To grill them, I just breast them, soak in itallian dressing and wrap the breast meatin bacon, tooth pick em and grill.


----------



## Xanadu (Oct 1, 2007)

I marinate the quail in pickle juice for a couple of hours and then soak in milk/egg wash for a second before dredging in a flour and cornmeal batter. Serve them with cheese grits and whisky dipping sauce or garlic mashed and gravy.


----------



## badazzchef (Oct 1, 2007)

I take the breast bone and rib bones out. Leaving the skin and legs on

Stuff with boudin truss em up...season, saute on quick hot heat to brown all over...finish in hot oven... deglaze the pan with port. reduce and drizzle over quail and mashed potatoes...

Or marinate in your favorite teriyaki...I use the jewish stuff from Wally world umm Very Yeriyaki? I drizzle with sirachi hot sauce and grill on super hot heat until medium

Beforehand deep fry some spinach, spring mix and carrot shavings until crisp...salt tot taste.

Place the quail on a bed of fried greens and drizzle with store bought hoisin glaze

OR

fry some country ham strips in a little butter...stuff the cavity with the ham strips...

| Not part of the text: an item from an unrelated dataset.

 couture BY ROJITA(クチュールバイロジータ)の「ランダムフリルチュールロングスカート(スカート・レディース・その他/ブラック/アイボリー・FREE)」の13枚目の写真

salt & pepper and saute in the butter/drippings until medium. Smash some grapes in a bowl and deglaze the pan with the grape juice and grape chunks...this is my favorite...it is a french classical dish we learned in culinary school...very classic and can be served on parsley/buttered sauteed potatoes that you scoop with a melon baller


----------



## Splittine (Nov 24, 2007)

Thanks guys, gonna try a couple different recipes this weekend.


----------



## Triple R (Feb 24, 2009)

Cut the backbone out then stuff with a wedge of onion,slice of jalapeno, and cream cheese then wrap with bacon ,toothpick it together and slap them on the grill.


----------



## P-cola_Native (Feb 5, 2008)

A quick way to do them is get a skillet hot with just little bit of oil and brown them (split in half) on both sides, then poor in some beef or chicken broth to deglaze the pan. Put on simmer and cover until the the meat is falling off the bone and real tender.


----------



## ScullsMcNasty (Oct 4, 2007)

def pickle the eggs!! look up "cajun pickled quail eggs" on google.. i buy mine from simplycajun.com EXCELENT!!


----------



## bbe (Dec 10, 2008)

I cook them on the grill too. I put a couple of grapes in the cavity and wrap with bacon then grill them. The grapes keep them moist.


----------



## bigone (Jan 2, 2008)

pull breast meat, lightly boil for 2-4min, drain, add cream of mushroom soup, slow cook, put over bed of egg noodles, salad.


----------